Como se pode ver em dicionários e
vocabulários oficiais anteriores a 1940 até metade do século XX a palavra
“presidente” era nome exclusivamente masculino
e “presidenta” era o único feminino aceite para “presidente”. Por outras
palavras: apenas a partir de 1940 a forma “a presidente” passou a ser aceita por gramáticos e dicionaristas
portugueses e brasileiros. Ou seja: a palavra “presidenta”, dicionarizada desde 1812, é mais antiga e tradicional
em português que a forma neutra “a presidente”, apenas
dicionarizada a partir de 1940.
A passagem, no século XX, de “presidente” como forma exclusivamente masculina para forma
neutra baseou-se no processo de “neutralização de género” por que passaram e
vêm até hoje passando vários outros nomes portugueses – como “a parente”,
que antes antes só se dizia “parenta” –, sobretudo profissões – como “a
oficial” (que antes só se
dizia “oficiala”), “a
cônsul” (que antes só se
dizia “consulesa”) ou “a
poeta” (que antes só se
dizia “poetisa”).
A Revista “Veja” deixou de usar o termo “presidenta” quando Dilma Rousseff,
chegada ao poder, disse gostar de ser chamada assim. Até aí, usava “presidenta”
por exemplo em edições da década de 1970 (ao referir-se à então presidenta deposta da Argentina), de 1980, 1990 e
mesmo 2000. Do mesmo modo, anos antes de o PT chegar ao poder, os demais órgãos
de imprensa usavam “presidenta”: a “Folha de S. Paulo” – por exemplo, em 1996 (“Secretária de Turismo de
Alagoas e presidenta da Fundação”), 1997
(“Segundo a presidenta da CPI, deputada Ideli Salvatti”), 2003 (“A presidenta da CDU e líder da
bancada parlamentar, Angela Merkel, já deixou claro que seu partido não se
dispõe a salvar a situação para o governo de Berlim”), etc.; “O
Estadão”,
em 2004 (“Empresária de Shakira era
presidenta da companhia”); em 2008 (“disse a presidenta da
Plataforma, Maribel Palácios”, etc.), etc.

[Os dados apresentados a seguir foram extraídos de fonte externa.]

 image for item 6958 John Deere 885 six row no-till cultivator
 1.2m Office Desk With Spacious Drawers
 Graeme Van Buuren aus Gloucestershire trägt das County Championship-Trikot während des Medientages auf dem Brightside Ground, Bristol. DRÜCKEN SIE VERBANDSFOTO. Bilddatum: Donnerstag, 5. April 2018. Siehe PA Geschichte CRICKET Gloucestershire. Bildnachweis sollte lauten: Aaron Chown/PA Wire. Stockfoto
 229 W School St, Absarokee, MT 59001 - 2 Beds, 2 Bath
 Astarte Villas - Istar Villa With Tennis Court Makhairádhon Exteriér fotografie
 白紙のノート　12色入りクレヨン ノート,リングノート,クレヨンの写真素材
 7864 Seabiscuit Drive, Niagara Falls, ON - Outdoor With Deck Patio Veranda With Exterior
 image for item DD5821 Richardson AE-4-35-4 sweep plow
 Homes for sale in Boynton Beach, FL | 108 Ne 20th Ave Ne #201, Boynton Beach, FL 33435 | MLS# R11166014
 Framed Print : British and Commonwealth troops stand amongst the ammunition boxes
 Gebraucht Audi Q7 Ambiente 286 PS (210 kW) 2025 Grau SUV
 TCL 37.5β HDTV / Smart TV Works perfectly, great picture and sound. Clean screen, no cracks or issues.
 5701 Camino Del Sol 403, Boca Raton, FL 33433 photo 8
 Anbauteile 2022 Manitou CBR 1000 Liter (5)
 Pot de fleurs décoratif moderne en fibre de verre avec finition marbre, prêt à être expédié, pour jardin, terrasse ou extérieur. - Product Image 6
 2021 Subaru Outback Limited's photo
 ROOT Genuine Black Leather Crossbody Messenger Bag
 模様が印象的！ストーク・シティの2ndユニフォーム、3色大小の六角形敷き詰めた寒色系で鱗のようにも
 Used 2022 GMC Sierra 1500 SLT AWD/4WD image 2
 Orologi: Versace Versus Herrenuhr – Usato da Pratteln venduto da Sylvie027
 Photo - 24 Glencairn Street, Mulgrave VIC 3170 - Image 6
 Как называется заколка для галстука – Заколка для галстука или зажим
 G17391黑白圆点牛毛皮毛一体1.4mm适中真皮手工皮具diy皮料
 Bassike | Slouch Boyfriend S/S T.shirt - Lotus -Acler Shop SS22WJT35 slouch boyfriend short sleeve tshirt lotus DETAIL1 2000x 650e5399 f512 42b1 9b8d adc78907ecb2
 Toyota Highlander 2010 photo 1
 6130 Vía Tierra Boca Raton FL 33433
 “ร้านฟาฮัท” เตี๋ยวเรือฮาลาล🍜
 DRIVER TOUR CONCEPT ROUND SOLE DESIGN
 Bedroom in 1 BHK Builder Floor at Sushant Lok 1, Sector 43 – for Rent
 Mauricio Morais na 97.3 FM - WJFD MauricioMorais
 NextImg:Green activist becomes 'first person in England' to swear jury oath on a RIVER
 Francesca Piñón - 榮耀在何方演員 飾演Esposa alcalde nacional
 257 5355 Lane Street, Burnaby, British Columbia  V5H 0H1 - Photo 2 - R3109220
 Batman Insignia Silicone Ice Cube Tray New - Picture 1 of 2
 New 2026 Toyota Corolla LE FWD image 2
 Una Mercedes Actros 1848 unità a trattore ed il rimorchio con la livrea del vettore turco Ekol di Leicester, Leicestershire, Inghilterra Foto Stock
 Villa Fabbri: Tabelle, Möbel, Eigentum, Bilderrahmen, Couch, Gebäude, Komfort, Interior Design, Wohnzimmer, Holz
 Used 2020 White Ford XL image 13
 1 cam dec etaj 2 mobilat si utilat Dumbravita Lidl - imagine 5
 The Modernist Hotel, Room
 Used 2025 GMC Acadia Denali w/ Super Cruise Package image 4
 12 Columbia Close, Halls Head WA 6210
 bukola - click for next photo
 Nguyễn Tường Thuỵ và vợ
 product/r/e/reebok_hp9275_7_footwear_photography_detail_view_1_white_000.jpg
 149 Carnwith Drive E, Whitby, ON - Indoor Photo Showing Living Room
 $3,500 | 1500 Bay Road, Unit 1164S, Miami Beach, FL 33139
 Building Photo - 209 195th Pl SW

Em suma: Ambas as formas – “a presidenta”
ou “a presidente” – são gramaticalmente corretas e equivalentes,
pelo que é indiferente o seu uso E, ao invés do que supõem muitos, “a presidenta”
não é informal ou invenção recente
nem coisa de feministas, esquerdistas ou pedantes. Ao
invés, como
nome e a formar sintagma
nominal é a
forma mais antiga e tradicional em português.